A fosfatidilserina, fosfolipídeo encontrado nos peixes, vegetais folhosos, soja e arroz


auxiliam no funcionamento adequado de células neurais, reduzindo os níveis plasmáticos de
cortisol e consequentemente do estresse. O beta-sitosterol, fitoesterol presente no abacate,
oleoginosas e chá unha de gato modulam o efeito do cortisol, especialmente após o exercício.

A vitamina C é um importante antioxidante, encontrado nas frutas cítricas, reduz


níveis plasmáticos de cortisol, além de auxiliar no combate a radicais livres evitando a
resposta inflamatória. Outras substâncias como ácidos glicirrizinico encontrado no alcaçuz e
bioflavonoides das hortaliças. A vitamina B2, B3, arginina, cálcio, carotenoides, w3,
magnésio, manganês, polifenóis e ácido fólico são importantes para a síntese de óxido nítrico
sintase, eficiente na redução de mediadores para a resistência à insulina.

Síndromes como a de ovários policísticos podem desencadear resistência a insulina,


devido a demanda de glicose excessiva dos cistos, que alteram a função das células beta
pancreáticas por saturação. Também há produção de hormônios andrógenos em grande
quantidade, reduzindo a produção de globulinas ligadoras de hormônios sexuais, aumentando
a testosterona circulante podendo causar infertilidade e menopausa precoce. Além disso o
hiper metabolismo de hormônios causado pela obesidade e resistência a insulina é um fator
importante no desenvolvimento de neoplasias de mama, próstata, cólon e rim.

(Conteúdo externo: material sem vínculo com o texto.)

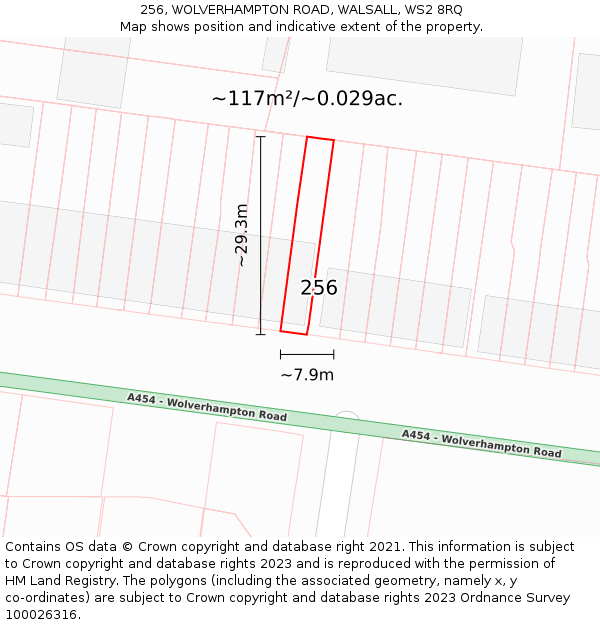 256, WOLVERHAMPTON ROAD, WALSALL, WS2 8RQ: Plot and title map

Para reduzir a resistância a insulina, alimentos ricos em cromo, vanádio, zinco,


magnésio, ácidos graxos ômega-3, ácido alfa-lopoico, n-acetilcisteína, biotina, vitamina D,
coenzima Q10, fenugreek (fibras solúveis presentes na mucilagem), são extremamente
importantes. Alimentos como a canela e o chá verde possuem as mesmas características dos
nutrientes citados acima aumentando a sensibilidade a insulina devido a processos
metabólicos, também ocorre maior produção de mediadores que sintetizam substâncias
auxiliadoras na recepção intracelular de insulina.